L’isola della libertà
La storia, nei decenni successivi all’insediamento, troverà a Carloforte di che intessere le trame più complesse: nel gennaio del 1793, dopo la rottura dei rapporti diplomatici tra il regno piemontese e la repubblica d’oltralpe, i francesi sbarcano sull’isola. Con il contingente è il rivoluzionario Filippo Buonarroti – animato da ideali libertari ispirati al Rousseau –, che assieme ai carlofortini redige una nuova Costituzione per l’Île de la Liberté, l’Isola della Libertà: si tratta della prima Costituzione repubblicana comparsa sul territorio italiano. Lo stesso Buonarroti, nel 1796, ne dà testimonianza mentre si difende al processo per la congiura di Babeuf: “Fu soprattutto all’Isola di San Pietro, chiamata in seguito Isola della Libertà, che raccolsi i più dolci frutti delle mie predicazioni. La Costituzione democratica che i suoi abitanti si diedero, della quale li aiutai a redigere le disposizioni, è un monumento eterno della loro saggezza”. La presenza dei francesi dura pochi mesi, da gennaio a maggio: tanto basta perché gli ideali rivoluzionari di libertà, fraternità e uguaglianza dividano la popolazione e si arrivi a disordini e conflitti accesi. Tornata alla normalità con l’arrivo della primavera, la piccola cittadina vedrà ricollocata nella piazza la statua che vi era stata eretta in onore del Re, e che durante il periodo travagliato appena passato era stata significativamente seppellita.
L’invasione barbaresca
Non passano molti anni dallo sbarco dei francesi, e l’isola è messa a ferro e fuoco dai pirati barbareschi per due giorni. Quando ripartono, dopo il saccheggio della città, gli aggressori portano con sé 950 carlofortini, i quali per cinque anni, dal 1798 al 1803, dovranno patire la schiavitù in Tunisia. Sperano, gli isolani rapiti, nell’intercessione delle grandi potenze europee, del papa Pio VI e soprattutto del grande Napoleone. E intanto i cinque anni della più sofferta lontananza diventano il terreno fertile dove seminare le storie che u Pàize ancora oggi racconta: l’amore del console americano a Tunisi, William Eaton, per la schiava Anna Porcile, che diviene questione di stato, per la quale lo stesso presidente Jefferson deve intervenire; l’amore di Sidi Mustafà, fratello del Bey di Tunisi, per la bella carlofortina Francesca Rosso, che da schiava diviene principessa col nome di Jenet Lela Béia, e mette al mondo Ahmed, il nuovo Bey, detto il Sardo. Il ritrovamento della statua lignea di una Madonna da parte di un giovane schiavo, la custodia del simulacro (probabilmente la polena perduta di una nave) e il suo trasferimento nell’isola dopo la liberazione, avvolgono della luce del miracolo la trama fitta delle storie nate in quel periodo, il cui racconto si tramanda stringendosi alle fattezze di quella che oggi è venerata dai carlofortini come la Madonna dello Schiavo. Portata in processione ogni anno il 15 novembre, tiene viva la memoria dei fatti storici del passato, oltreché la devozione degli isolani.

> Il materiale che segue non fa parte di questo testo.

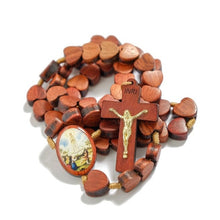 Load image into Gallery viewer, Wood Rosary - Dedicated to Alzheimer&#39;s patients

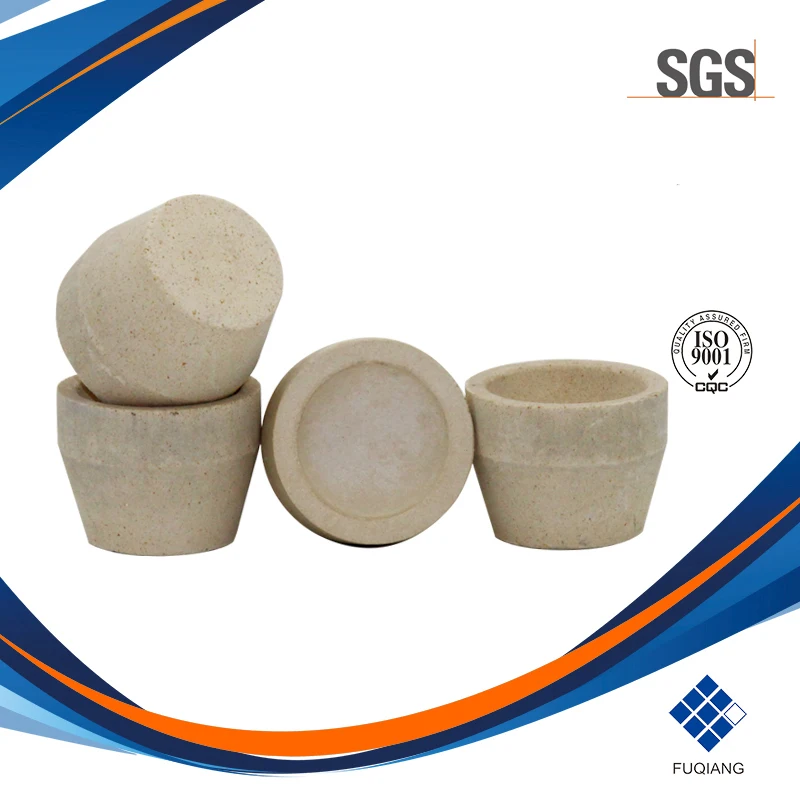 HIGH HARDNESS CRUCIBLE Ceramic Fire Clay Fire Assay Crucibles And Magnesite Cupels For Gold Smelting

Ancora per anni le incursioni piratesche avrebbero tormentato la piccola città, prima della risoluzione definitiva del problema in tutto il Mediterraneo. A testimonianza della paura suscitata dalla comparsa all’orizzonte delle vele barbaresche, restano le torri di avvistamento, i fortilizi e ancora qualche tratto delle antiche mura di cinta nella parte alta del paese.